The Government warns against letting Vinmonopolet take over duty-free sales
Airports across the country can be shut down if Vinmonopolet (the Wine Monopoly) takes over tax-free sales of alcohol, the Norwegian Government fears.
On Friday, a report from the Ministry of Health and Care Services was made about the consequences of changing the tax-free scheme approved by the Government council.
In February, the Centre Party put forward a proposal to let Vinmonopolet take over alcohol sales at the airport’s tax-free shops when Avinor’s agreement with Travel Retail Norway expires in 2022. The Socialists (SV) and Christian Democrats (KrF) were in favour, while the Labour Party (Ap) wished to wait for the Government’s review of the matter.
Warns against a takeover
They now strongly warn against letting Vinmonopolet do so.
– If a system is chosen whereby Vinmonopolet has exclusive rights to sell alcoholic beverages at the airports, this will mean an acceptance of a significant risk that this will have a negative effect on the airport economy, according to the review.
– If Avinor’s tax-free income is reduced, this will probably lead to closures of unprofitable airports across the country, it continues.
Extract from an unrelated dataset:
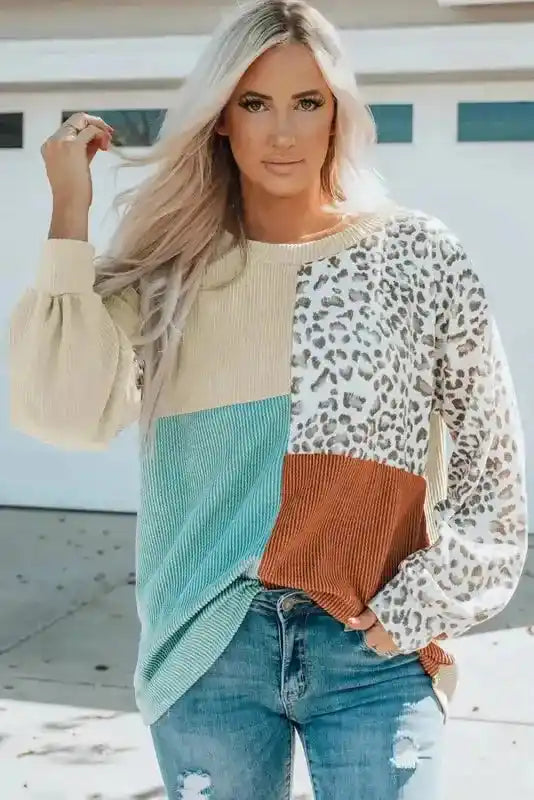 Trendy ribbed knit long sleeve top featuring leopard print and color block design in fall tones, styled for daily wear.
In addition, the state can lose over NOK half a billion a year in dividends from Avinor.
Today, eight of Avinor’s airports are operating at a profit, while 36 airports are experiencing deficits.
According to Avinor, revenues of up to NOK 1.3 billion may disappear a year if Vinmonopolet acquires the tax-free sales. Vinmonopolet refutes this. The review further states that there are «significant disagreements» between the parties and that there is considerable uncertainty about what will happen if Vinmonopolet takes over.
At the same time, a takeover by Vinmonopolet can «strengthen the consistency of alcohol policy and increase the legitimacy of wine monopoly», the Government acknowledges.
Travel Retail Norway has had exclusive rights to tax-free sales in Norway since 2004.